The project was conceived to support the practical implementation of the Guidelines for Social Responsibility in Outbound Mining Investments as well as the separate Chinese Due Diligence Guidelines for Responsible Mineral Supply Chains. Both were formulated by CCCMC. The Chamber is also leading their implementation on behalf of the Government of the People’s Republic of China.
Challenge: aligning agencies from three different countries and cultures
SMAP represented a very ambitious and innovative agenda, bringing together agencies from three countries to encourage greater responsibility in mineral supply chains involving Chinese companies. Aligning project objectives and ways of working with a shared vision of success proved difficult during the initial period of project design and implementation. In response, the three partners agreed that the project logframe should be revised to ensure it fully integrated their respective objectives.
Levin Sources was contracted by GIZ to facilitate this process. The challenge was to achieve greater shared ownership of and commitment to the revised document as the guiding framework for the remainder of the implementation period.
Solution: careful facilitation and training
An initial review of progress revealed that while all three partners were committed to the overall vision, there were important concerns about some of the project’s outcomes, how these should be delivered and on what basis success should be assessed. The project logframe, which was meant to articulate a shared approach to delivery, was instead a source of misunderstanding and frustration.
The Levin Sources team realised early on that the review process could exacerbate this situation. The team therefore focused its first visit to Beijing on establishing a common understanding of the review process, including the essential principles of listening, joint working and mutual respect. An initial discussion of output indicators also helped to establish a clearer sense of where the main disagreements lay.
The second visit was combined with capacity building sessions on the concept of ‘Theory of Change’ (with support from the ISEAL Alliance) to further build shared understanding of successful joint project steering and delivery. In parallel, detailed discussions about project activities, outputs, outcomes and impact took place – separately with the three partners and in plenary. These required compromises on all sides but eventually resulted not only in a detailed revised logframe but also a stronger sense of shared purpose and collaboration.

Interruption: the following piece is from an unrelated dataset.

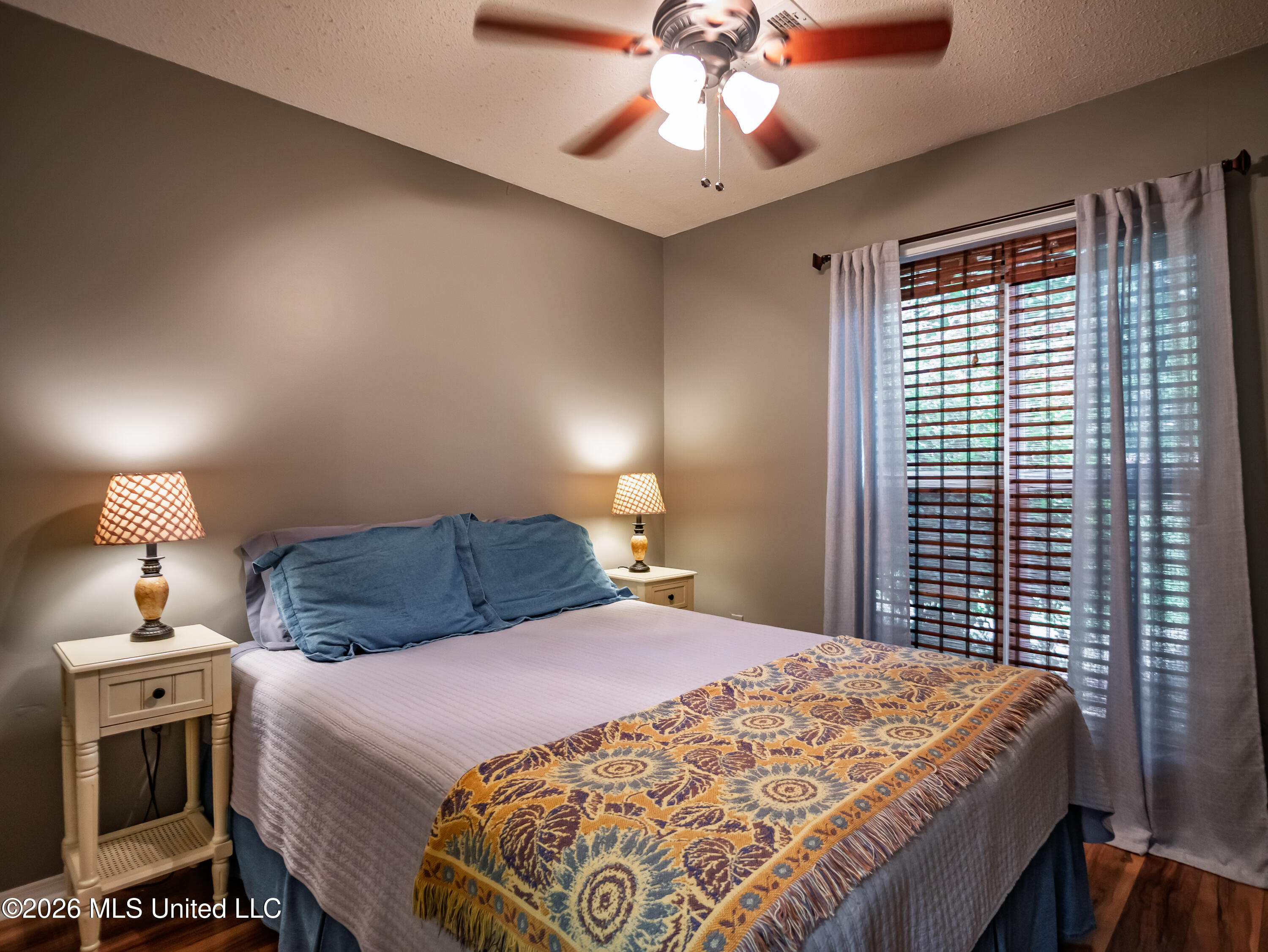 556 Chickasaw Road Property Photo 38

Results: an approved logframe
The final revised logframe and accompanying documents were presented to the CCCMC, DFID and GIZ teams during a final plenary discussion in Beijing, and agreed by all. The logframe was subsequently approved by senior managers in all three organisations.
The project team faced unique challenges in bringing all three partners together around a set of project management tools that are not widely used in China. With the combination of careful facilitation and training, they created an environment that enabled everybody to openly express their concerns and aspirations and combine these in a revised project logframe that was fully supported by all parties.